If the state legislatures of America were free to do anything they wanted, the rights of Americans would be altered every time we crossed a state line. That's not a nation, that's a confederation. When Americans tried confederation as an alternative to federalism, the results were a disaster. The Constitution was written as an alternative to the Articles of Confederation as a specific remedy the interstate squabbling which, among other things, levied tariffs on other states.

Then, in the short-lived Confederate States of America, dustups between the several sovereign states caused them nearly as much grief as the Army of the Potomac. For instance, Georgia kept its militias home for the first critical months of the war because duly-elected legislators decided Virginia's problems with the United States Army were Virginia's, not Georgia's. They later relented, but in the early days of the Civil War it was Georgia state law that Georgia troops would be permitted to fight the Federals when and if they crossed the Georgia state line, and not a moment sooner. One shudders to think what such an arrangement would have meant for the world in 1941.

Part of the reason the hackneyed and meaningless term "judicial activism" crops up so often in American history is that people have very short memories. The fact of the matter is, there have been cases of supposed judicial activism that unquestionably turned out to be the right thing to do.

Laws forbidding interracial marriage were struck from the books only within my lifetime. There were tens of millions of people, black and white, who believed interracial marriage was wrong, so legislatures encoded that belief into state laws. But those laws violated constitutional guarantees of freedom of association, so the court struck them down. In other words, it was judicial activism that killed off racist laws allowing states to decide who could marry whom based on skin color.

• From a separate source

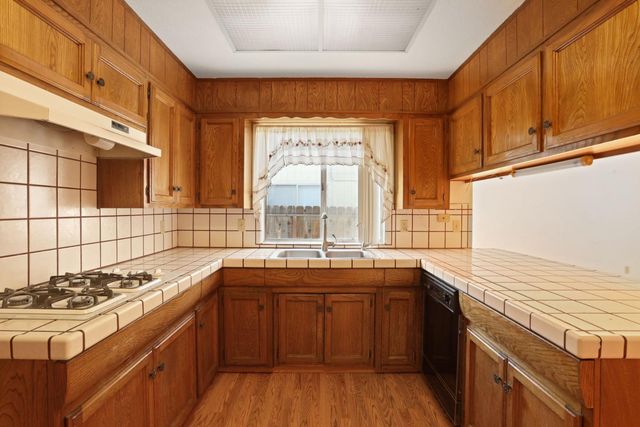 2816 Otto Dr, Stockton, CA 95209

Moreover, there is a built-in remedy for judicial activism. If courts do stray too far from the will of the majority, that remedy is constitutional amendment. Amendments are really hard to adopt because our founding fathers didn't want folks messing around with the country's master legal document unless there was an overwhelming majority who thought it absolutely necessary. Of the hundreds of amendments proposed over the years, fewer than one out of ten has actually gotten further than introduction on the floor of Congress or a state legislature. And that, for better or worse, validates all those court rulings characterized as judicial activism, simply because Americans have not seen fit to exercise our collective right to overturn them.

It's a bitter pill to swallow for supporters of the Equal Rights Amendment, the Balanced Budget Amendment or the Right to Life Amendment, but in the absence of action by the constitutionally mandated super-majority, the statutes and prior rulings those amendments were designed to get around must be allowed to stand. That doesn't mean the Supreme Court was right or the proposed amendments were wrong, it just means that the rule of law has prevailed. And that's far more important than any single issue or statute could ever be.

As distasteful as some U.S. Supreme Court decisions have been (and this week's majority ruling on campaign finance reform, in this writer's opinion, stinks out loud), without judicial interpretation of the Constitution, we're in danger of living in a nation run by a majority with no limits on its power. And that's an incredibly dangerous state of affairs: Remember, a lynch mob is a majority too.

So let's knock off the ceaseless, pointless diatribes against judicial activism; the sole alternative is mob rule. As society changes and grows, our courts act to moderate the capricious will of the majority. Each side is going to win a few and lose a few, and that, in turn, will continue to nurture and sustain the great American tradition of responsible government. The creators of the Constitution who carefully balanced powers between the branches of government, and between state and federal authority, were brilliant, even prescient.

Ask any happily married interracial couple.